Storie di Natale, il trapianto della scatola del panettone

19 Dicembre 2019 0 Di Lidano Grassucci

I DOLCI

Ora, conoscevo poco di dolci, meglio, quasi niente che non fossero le crostatine di visciola, il bignè alla crema (con così tante uova che era così giallo che la maglia del vincitore del Tour de France al confronto era pallida), il tortolo, la pagnottella del Salvatore e la cosa più esotica era la zuppa inglese con alchermes tanto tanto, da bandiera rossa della grande patria sovietica. Mo che li elenco erano tanti, e pure buoni (ma non è che ho vissuto una infanzia felice e non me ne sono accorto, santa Za Pippa).

IL PANETTONE E MILANO

Ma il Panettone no, quello non lo conoscevo, manco sapevo che era vivente, non ne sapevo niente. Pure lo spirito del Natale era un poco “tra noi” che il bambinello era venuto non per tutti, ma da racconti, quasi quasi solo per me.

Capitò che papà andasse a lavorare a Milano e al primo Natale “emancipato” si presentò con la novità: un cartone con disegnato il Duomo (quello lo riconoscevo in geografia ero un campione e non temevo rivale alcuno, pe le cose inutili me tenete da lassà sta), celeste con la scritta Alemagna. Io e mia sorella non avevamo mai visto niente di così perfetto, pareva “ritrattato”, aveva anche una cordicina di stoffa per reggerlo con le dita. Ci potevi pure viaggiare, pensammo. E qualche giro intorno al tavolo ce lo siamo fatto. Mamma giocò con il nome “E’ il pan de Tony”, ma penso che anche lei avesse una vaga idea di cosa fosse.

LA SCATOLA

Ma come si mangia? E come si apre la scatola? Papà era già milanese (come lo può essere un sezzese) e suggerì “spaccamoio”. Non l’avesse mai detto, eravamo già sazi nel guardare, di spaccare non se ne parlava nemmeno.

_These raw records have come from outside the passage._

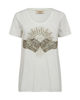 MMNADINE DECO TEE ECRU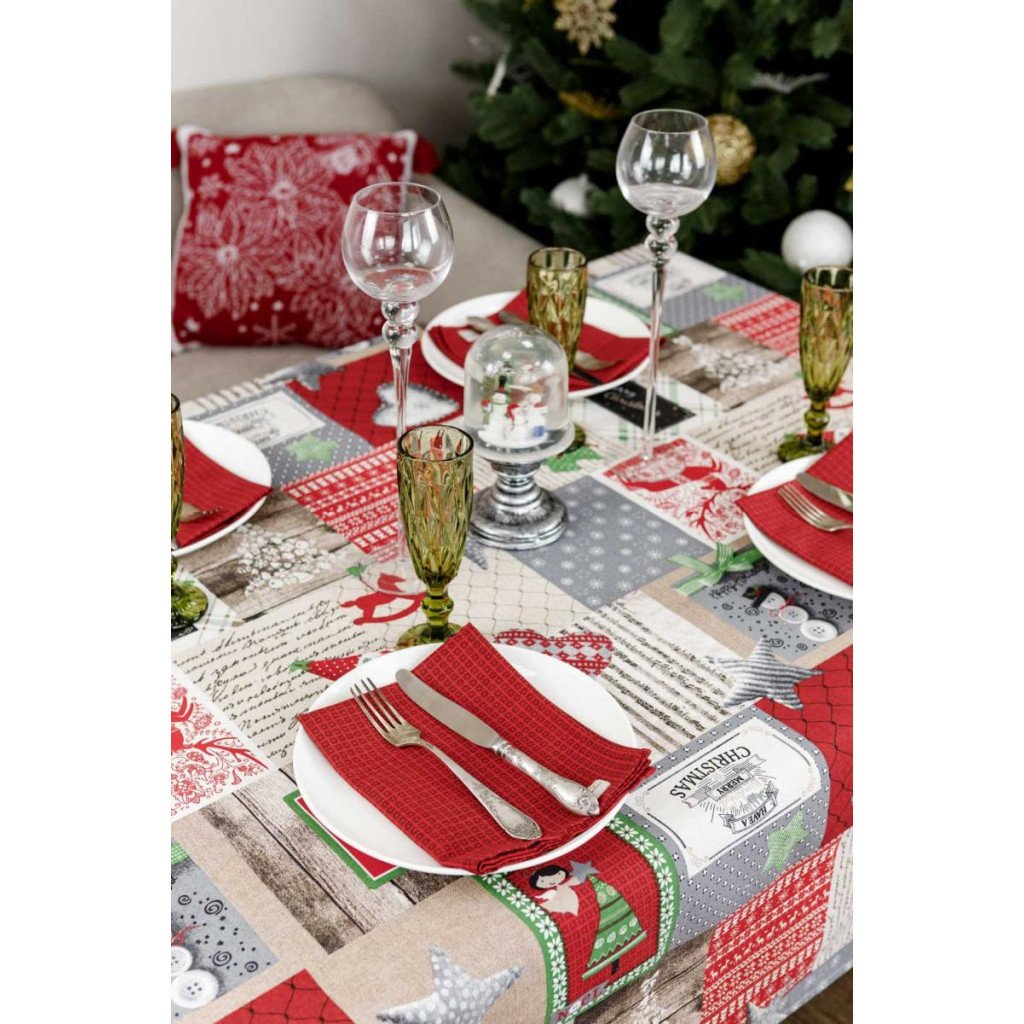 Скатертина Прованс Merry Christmas 180×132 см (4823093451421)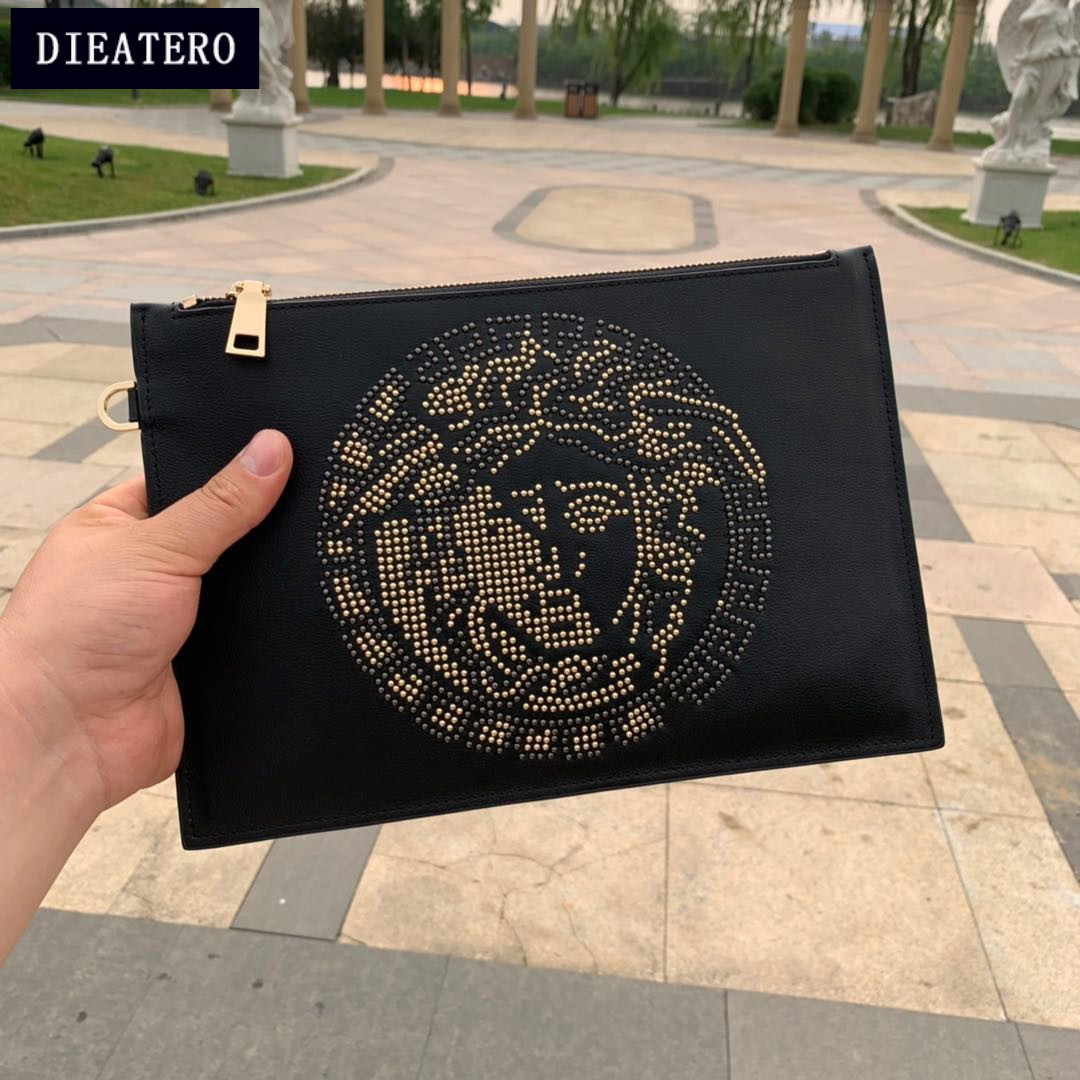Men's New Casual Ultra-thin Envelope Bag Clutch Men's Youth Fashion Trend Personality Net Red Wallet Bag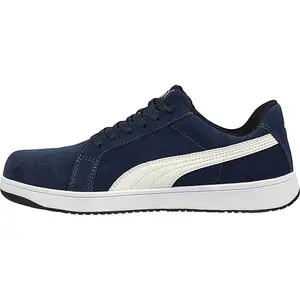 Puma Safety ICONIC Suede Navy Safety Trainer Size 8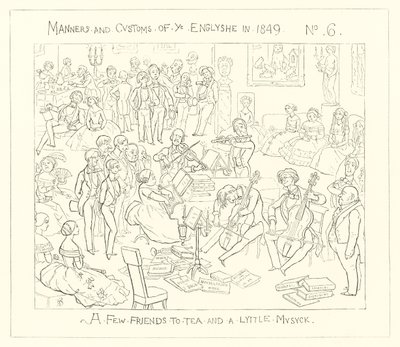 1849, Noen venner til te og litt musikk av Richard Doyle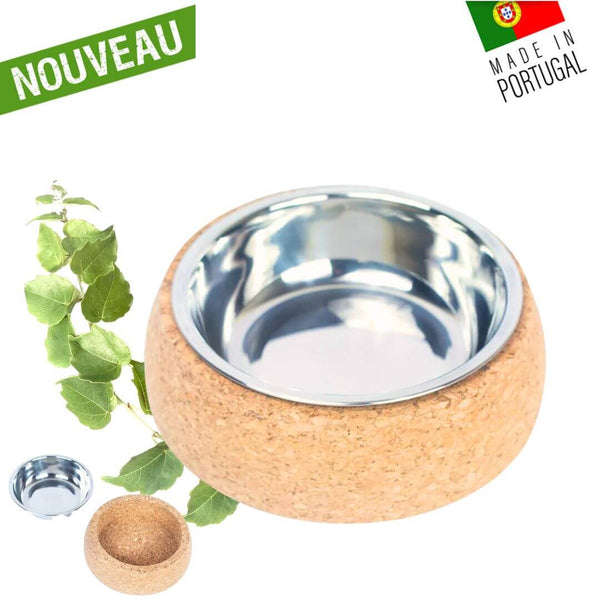 Gamelle pour chien - Gamelle pour chat - Gamelle double pour chien - Gamelle double acier inoxydable - Gamelle pour animaux de compagnie - Gamelle chien vegan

Ci voleva un piano, un piano ardito più complesso del D day di Normandia.

L’OPERAZIONE

Delicati come chirurghi, il modello era Christiaan Barnard e il suo trapianto di cuore. Ecco si apre, fa piano che lo rompi. E papà “”spaccamoio”. Noi non eravamo preoccupati di scoprire cosa c’era dentro ma di capire come si sarebbe cicatrizzata la ferita post operatoria. Credo sia stata l’operazione più lunga in cui fu coinvolta la famiglia, a Barnard l’operazione andò bene, il paziente sopravvisse 18 giorni, a noi meglio la scatola dal 1966, data dell’operazione, morì nel ’73 senza soffrire e fu “cremata” nel camino di casa con gran rispetto.

E il panettone? Vedete quando la civiltà dello strutto incontra il burro, lì per lì perde se stessa, fu amore incredibile, tradimento pure, ma questa è un’altra storia.